Earlier this month, Mr. Holdren served as co-chairman when the President's Council of Advisors on Science and Technology met for the first time. It's a disgrace that Mr. Holdren is even on the council. In "Ecoscience: Population, Resources, Environment," a book he co-authored in 1977 with noted doomsayers Paul R. and Anne H. Erlich, Mr. Holdren wrote: "Indeed, it has been concluded that compulsory population-control laws, even including laws requiring compulsory abortion, could be sustained under the existing Constitution if the population crisis became sufficiently severe to endanger the society."

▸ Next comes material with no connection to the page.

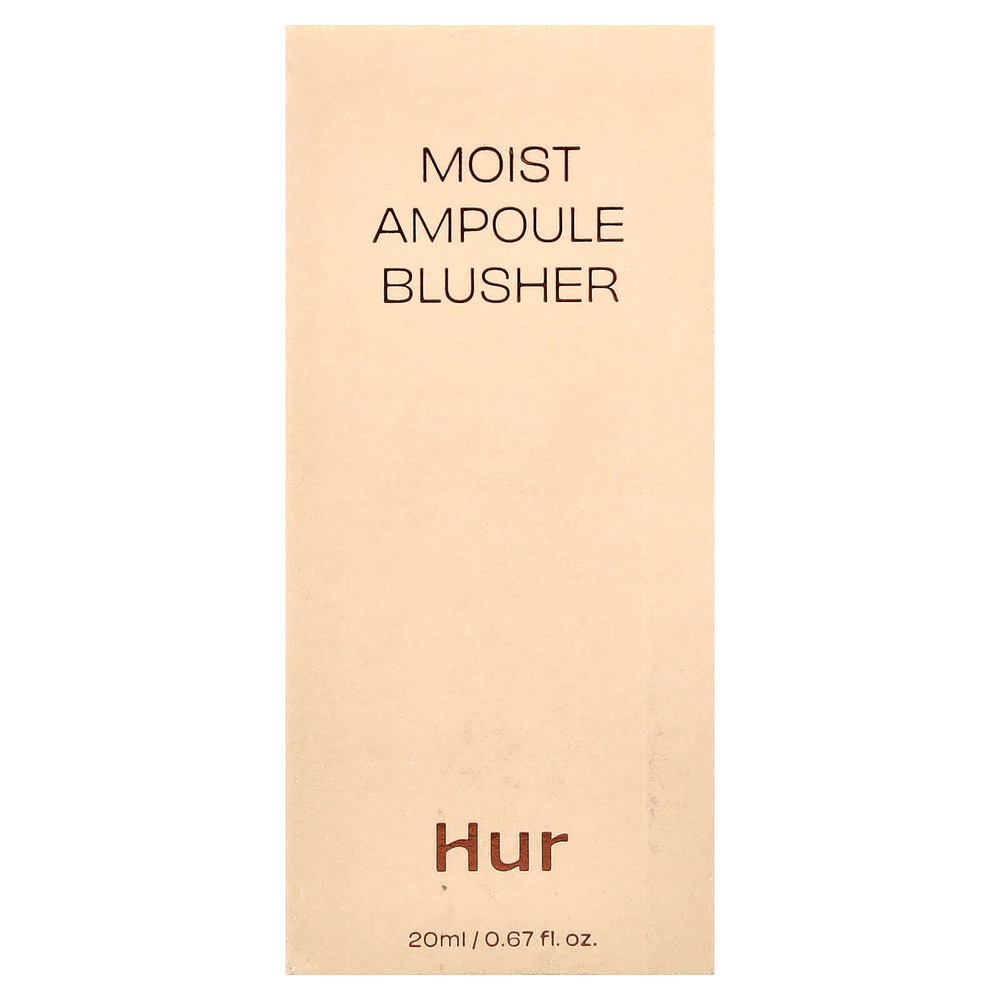House of Hur, увлажняющие румяна, оттенок 05 персиково-коралловый, 20 мл (0,67 жидк. унции)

In case compulsory abortion wasn't enough to diffuse his imaginary population bomb, Mr. Holdren and the Erlichs considered other extremist measures. "A program of sterilizing women after their second or third child, despite the relatively greater difficulty of the operation than vasectomy, might be easier to implement than trying to sterilize men," they wrote. "The development of a long-term sterilizing capsule that could be implanted under the skin and removed when pregnancy is desired opens additional possibilities for coercive fertility control."

It gets worse. The Holdren-Erlich book also promotes "Adding a sterilant to drinking water or staple foods." After noting that, well, yes, there were "very difficult political, legal and social questions, to say nothing of the technical problems," Mr. Holdren and his co-authors express hope that their idea may still be viable. "To be acceptable, such a substance would have to meet some rather stiff requirements," they wrote. "It must be uniformly effective, despite widely varying doses received by individuals, and despite varying degrees of fertility and sensitivity among individuals; it must be free of dangerous or unpleasant side effects; and it must have no effect on members of the opposite sex, children, old people, pets or livestock."

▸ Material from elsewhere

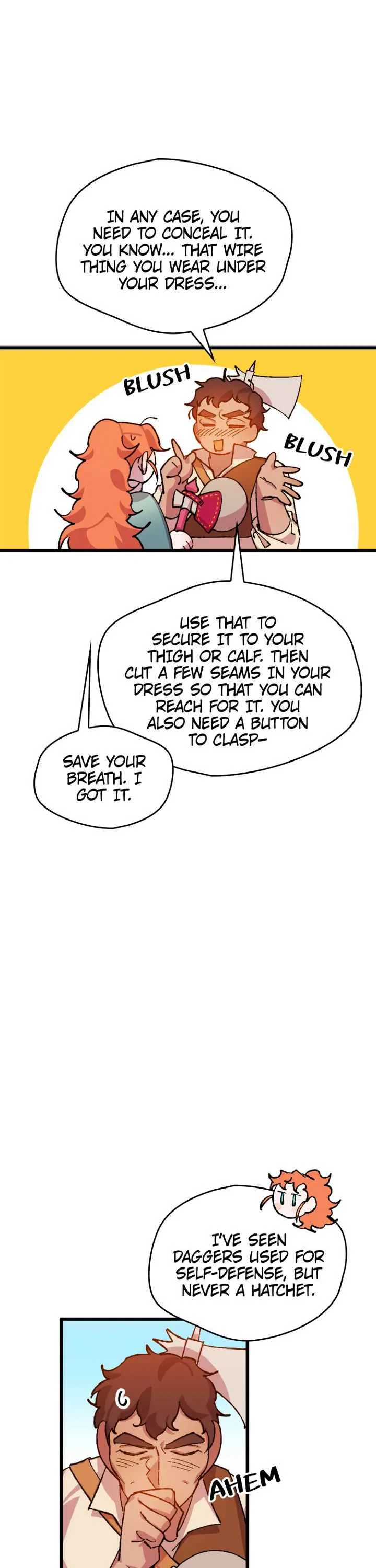 I'll Save This Damn Family! Chapter 36 page 9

Most Americans can be forgiven for thinking that mass sterilization through drinking water is never acceptable and that someone who supported such horrors should have no place on a prestigious White House council. The question naturally arises why President Obama chooses to surround himself with extremists like Mr. Holdren or Dr. Emanuel. No matter how much they claim their views have "evolved," health and science under Obamacare would be a frightening prospect with people like this advising the president.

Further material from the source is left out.